In reality Washington and his French allies headed to Virginia, where they beat the British at the Battle of Yorktown, the American Revolution’s final battle.
Something really curious, however, took place. After the peace treaty in 1783, the British military evacuated New York. Did Rivington go with them? No. Not only did he stay, but Rivington also received special protection from Washington.
Spooner’s Vermont Journal and other newspapers published articles about this curious situation:
“It is reported as an undoubted fact, that Mr. James Rivington, Printer at New York, was, as soon as our troops entered the city, protected in person and property, by a guard, and that he will be allowed to reside in the country, for reasons best known to the great men at [the] helm.”
Many Patriot newspaper editors were furious because Rivington’s “Royal Gazette has been notorious only for falsehood and the most abominable lies.”
Why did Washington protect Rivington? Evidence later revealed that Rivington gave the Royal Navy’s signal book to one of Washington’s spies in August 1781. In other words, Rivington secretly aided Washington while printing false things about him in his newspaper.

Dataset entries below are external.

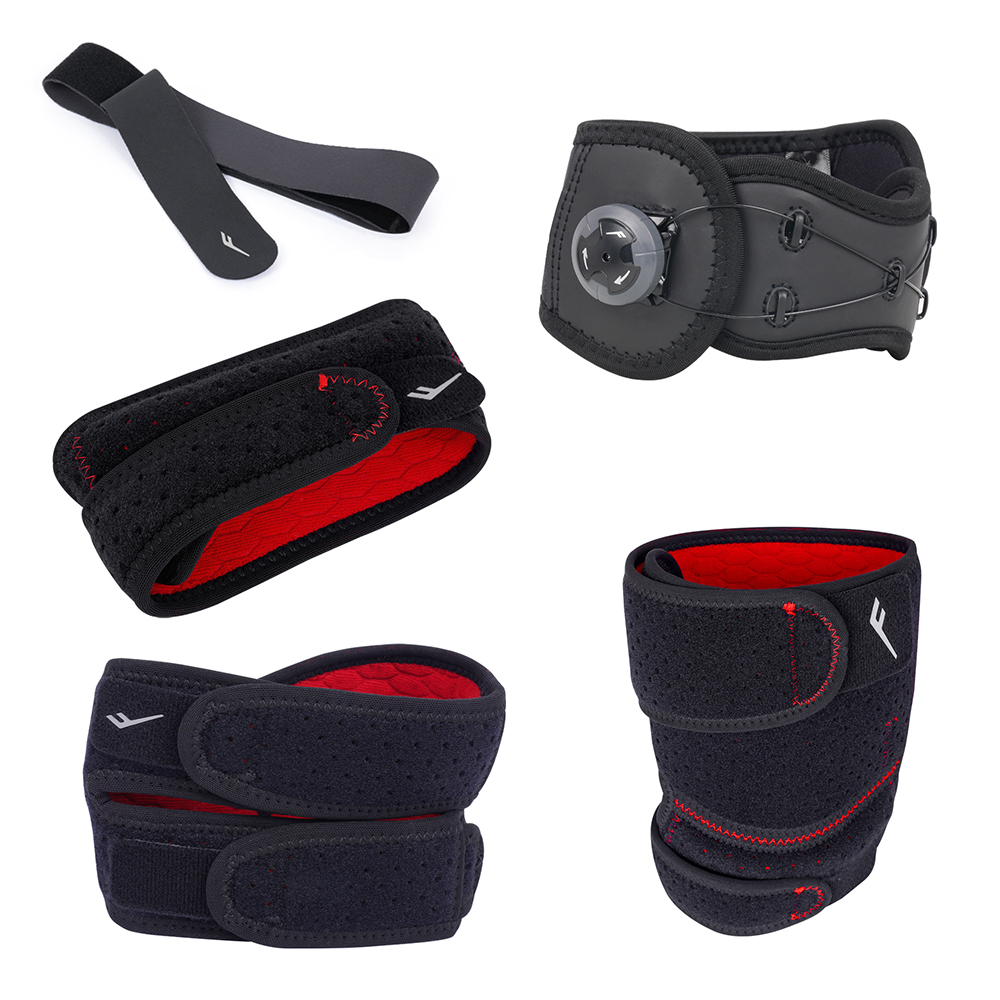 무릎 보호대 이미지 추가1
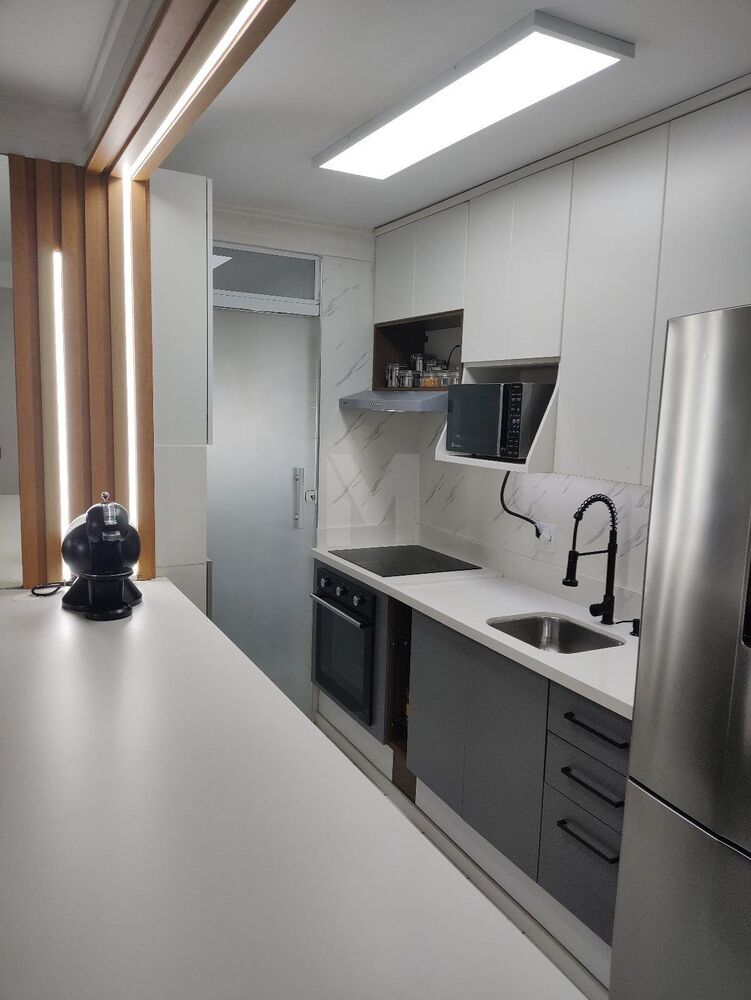 Apartamento, 3 quartos, 68 m² - Foto 4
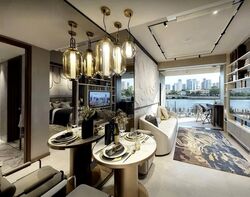Canninghill Piers (D6), Apartment #586367221
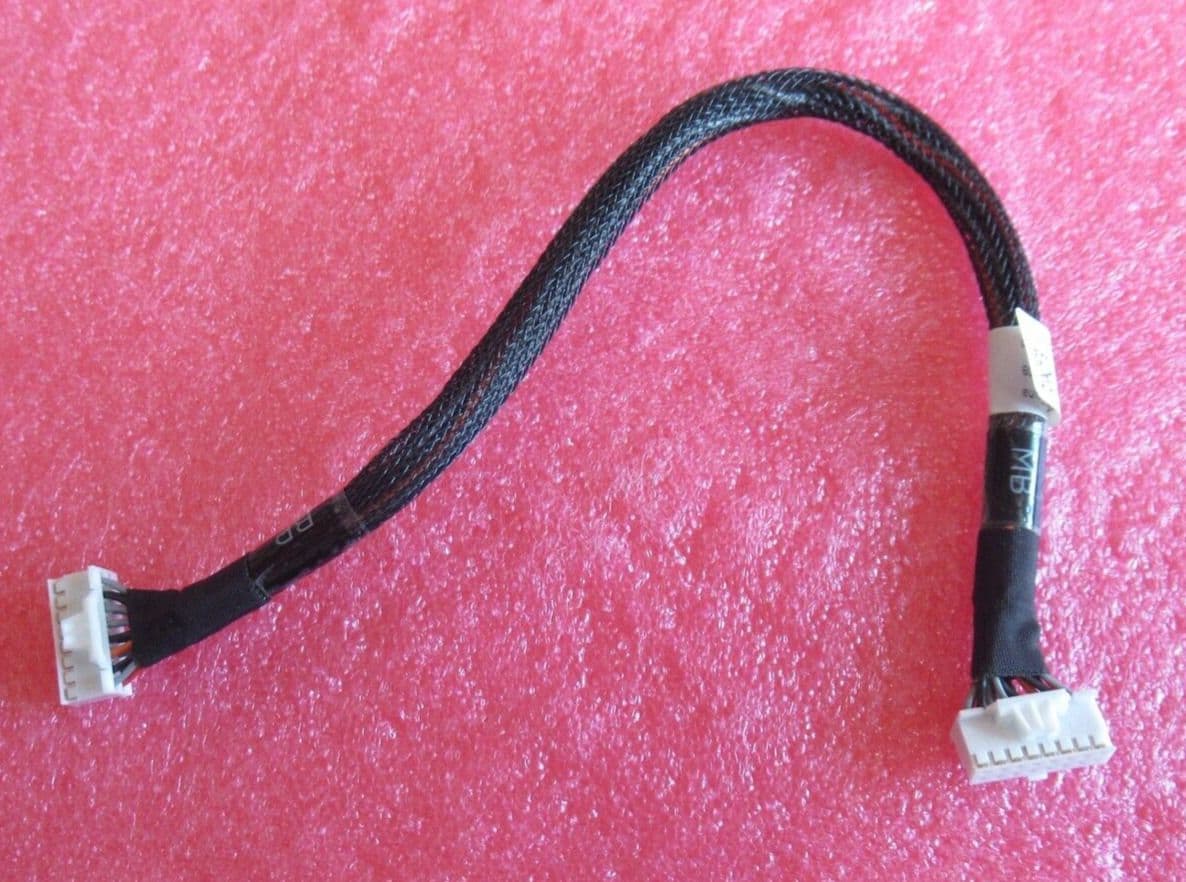 Dell KV109 0KV109 Poweredge R720XD T320 T420 Backplane Single Cable 9& x22;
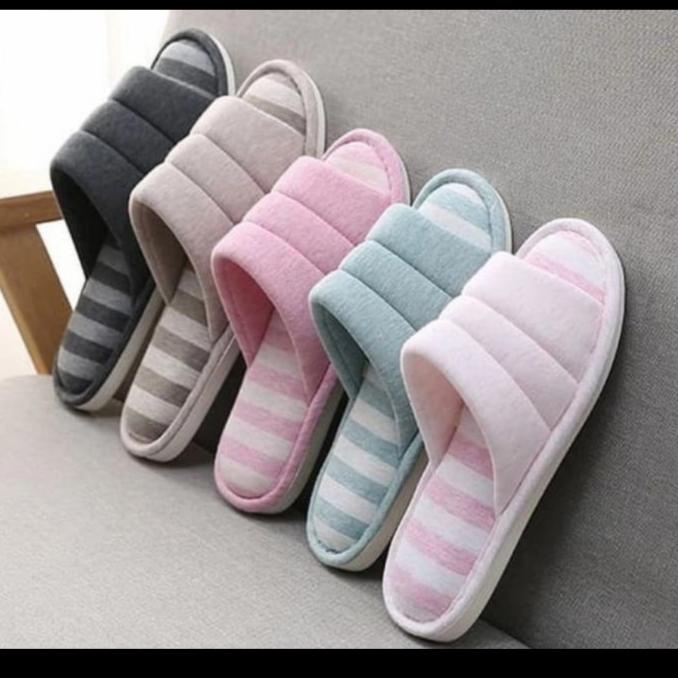 sandal empuk bumil diabetes lansia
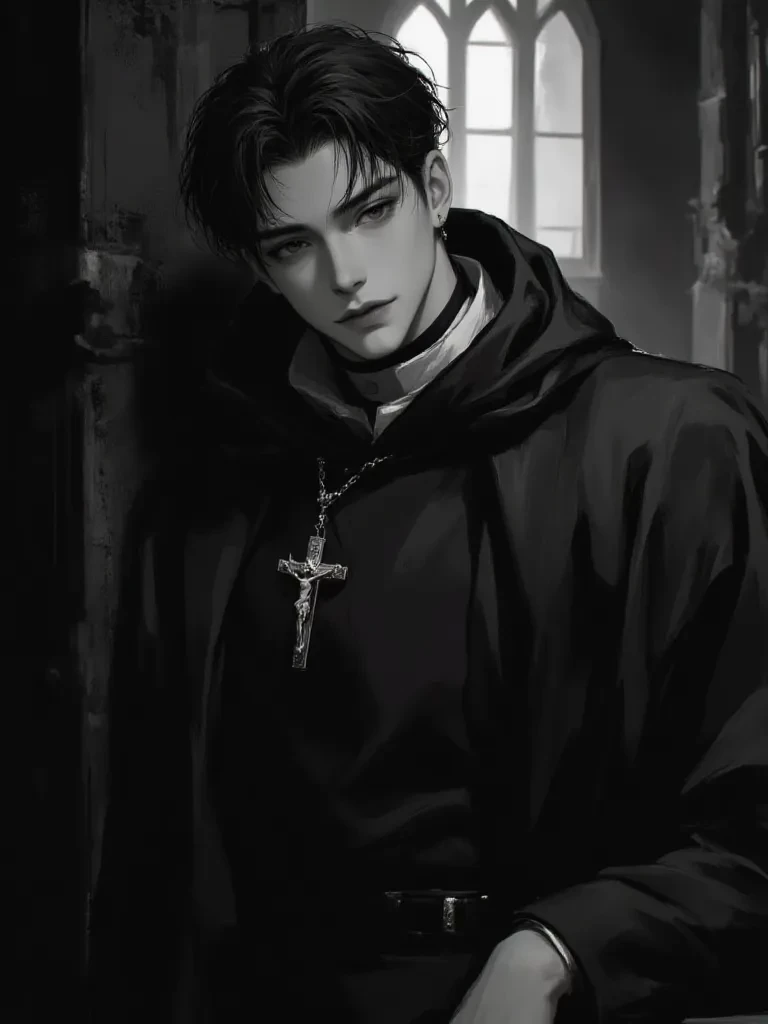 Father Kaden thumbnail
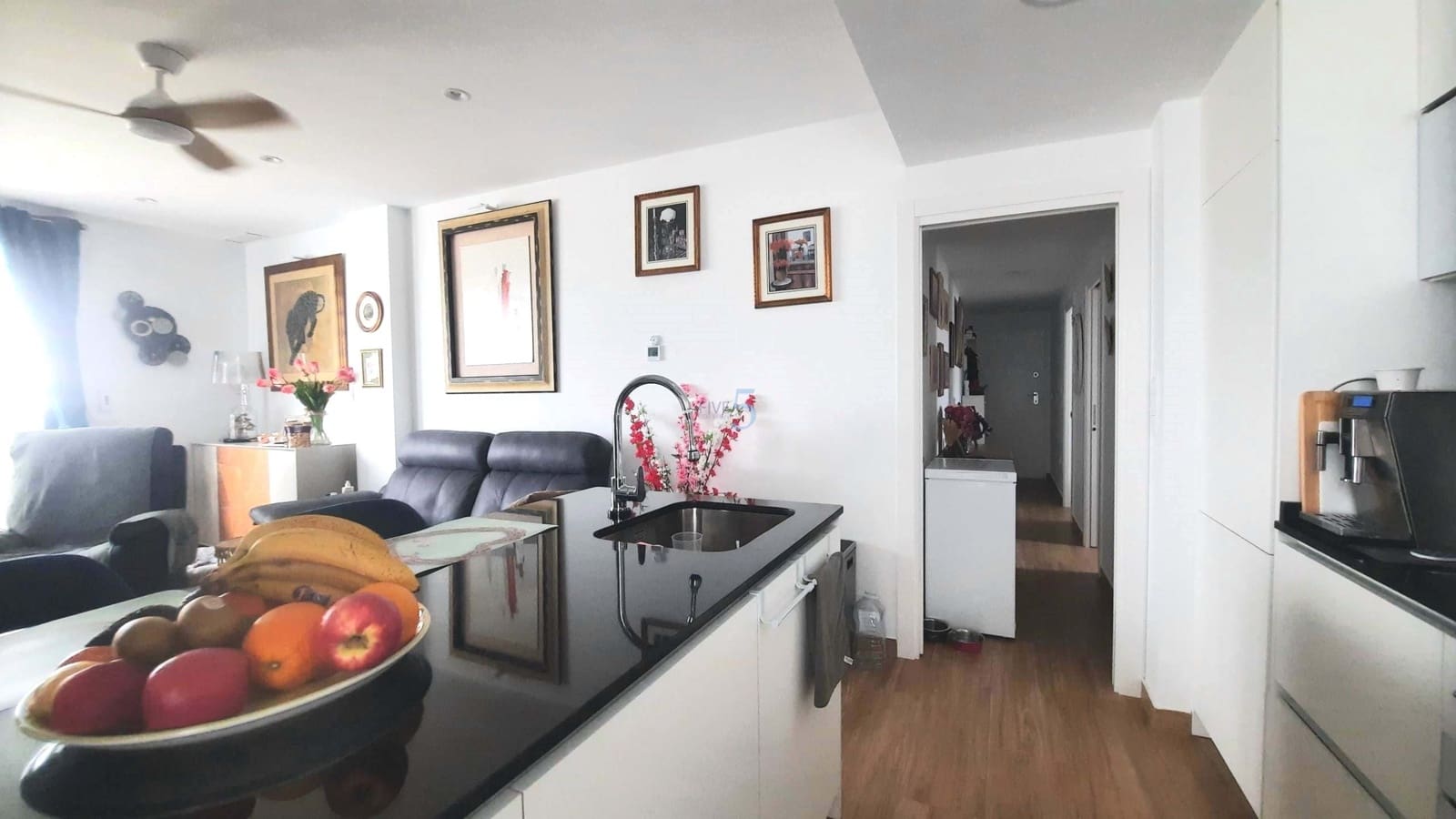 2 camera da letto Appartamento in vendita in Torre-Pacheco con piscina garage - 309.000 € (Rif: 9319771)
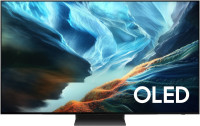 Телевизор Samsung OLED S90H 4K QE77S90HAUXPY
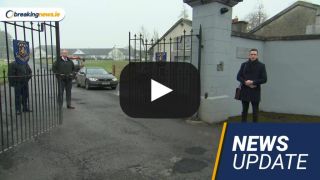 Video: Enoch Burke Arrested By Gardaí, Donohoe 'Unaware' Of Election Donations
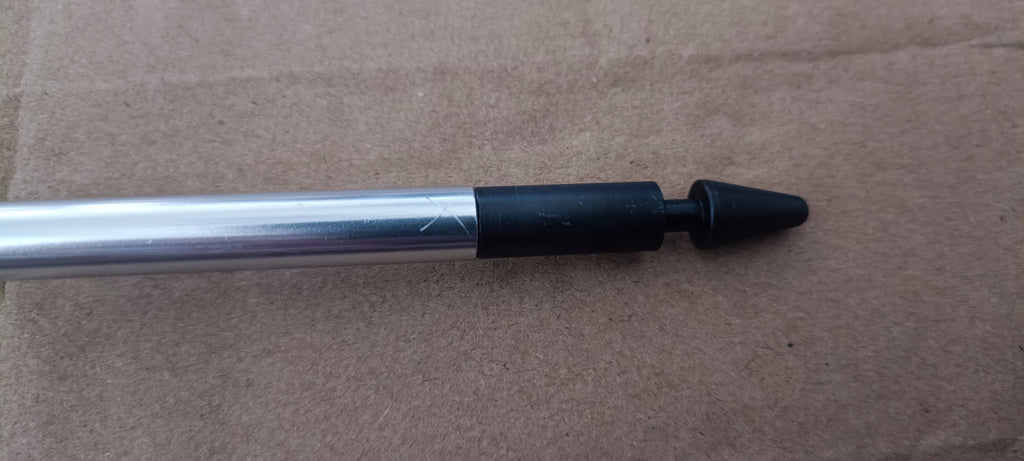 Kunlun plunger ( dimension error )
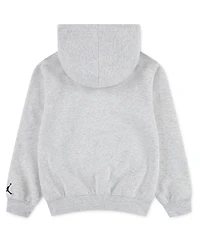 Jordan Boys 8-20 Gift Giving Hanging Long-Sleeve Hoodie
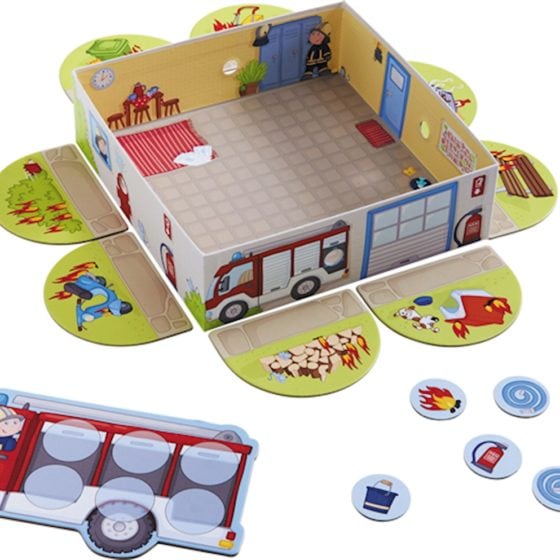 Mes Premiers Jeux - Théo le Pompier – Image 2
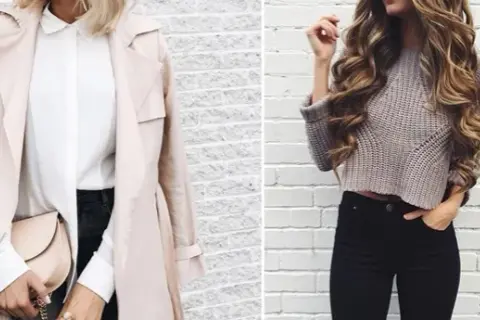 Jaki masz styl ubierania? Sprawdź to w naszym darmowym teście online!
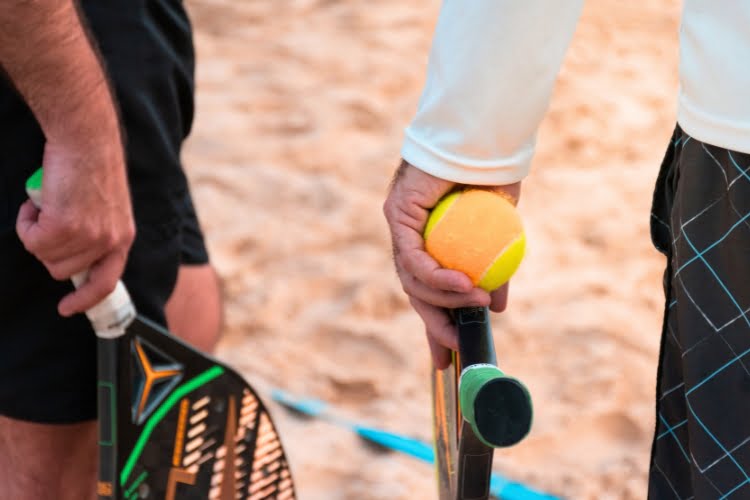 como aumentar o faturamento de quadra de Beach Tennis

Perhaps Washington’s protection was also a statement that he also valued freedom of the press and could move past negative stories. He wanted Rivington to be able to make a living in the United States as a publisher.
How did Rivington respond? He changed the name of his newspaper. Gone was the Royal Gazette. Replacing it was Rivington’s New-York Gazette and Universal Advertiser. Rivington’s story shows the origin of freedom of the press in both practice and principle.